A perfluorocycloalkene (PFCA) fluorocarbon structure with a cycloalkene core. PFCAs have shown reactivity with a wide variety of nucleophiles including phenoxides, alkoxides, organometallic, amines, thiols, and azoles. They or their derivatives are reported to have nonlinear optical activity, and be useful as lubricants, etching agents, components of fuel cells, low dielectric materials, and super hydrophobic and oleophobic coatings.

Reactivity 
Derivatization of these PFCA rings via displacement of fluorine atoms with nucleophiles occurs through an addition-elimination reaction in the presence of a base. Attack of the nucleophile on the PFCA ring generates a carbanion which can eliminate a fluoride ion, resulting in vinyl substituted and allyl substituted products (Scheme 1). The ratio of vinylic to allylic products depends on the ring size, reaction conditions and nucleophile.

Under favorable conditions, a good nucleophile can replace all the fluorine atoms on PFCA ring (Scheme 2).

PFCAs have a huge potential to be used as a monomer to produce a variety of polymers.
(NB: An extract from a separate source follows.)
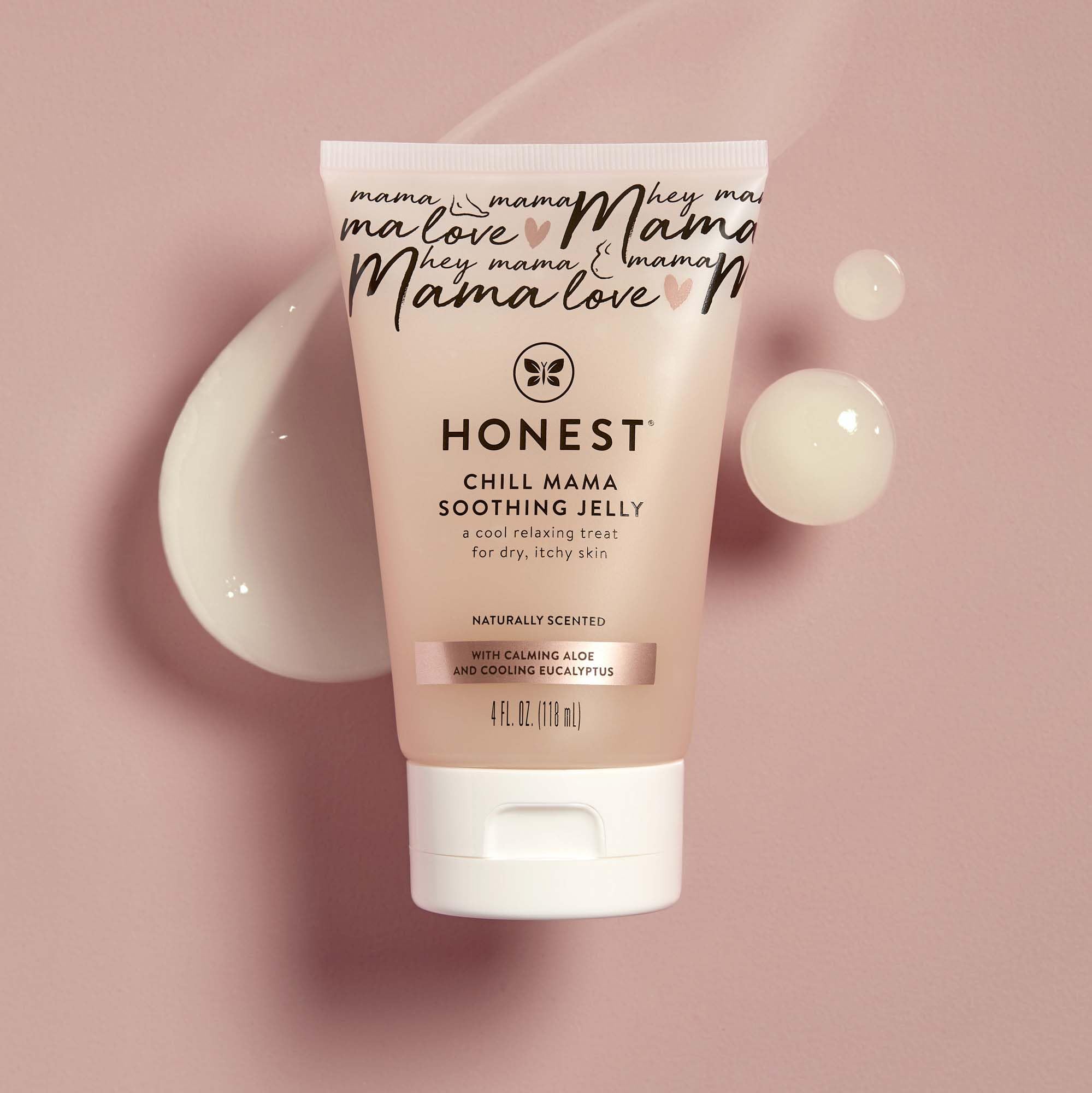 The Honest Company gel texture close up illustrating lightweight, non-greasy feel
The first time, Smith et al. showed the polycondensation of bisphenols with PFCAs. A unique class of aromatic ether polymers containing perfluorocyclopentenyl (PFCP) enchainment was prepared from the simple step growth polycondensation of commercial available bisphenols and octafluorocyclopentene (OFCP) in the presence of triethylamine (Scheme 3 and 4).

Smith et al. further extended his recently published work on perfluorocyclopentenyl (PFCP) aryl ether polymers and perfuorocycloalkenyl (PFCA) aryl ether monomers, and reported the synthesis of a new class of fluoropolymers, namely, perfluorocyclohexenyl (PFCH) aryl ether polymers, via step-growth polycondensation of  commercial bisphenols and decafluorocycloalkene (DFCH)  in the presence of triethylamine (Scheme 5).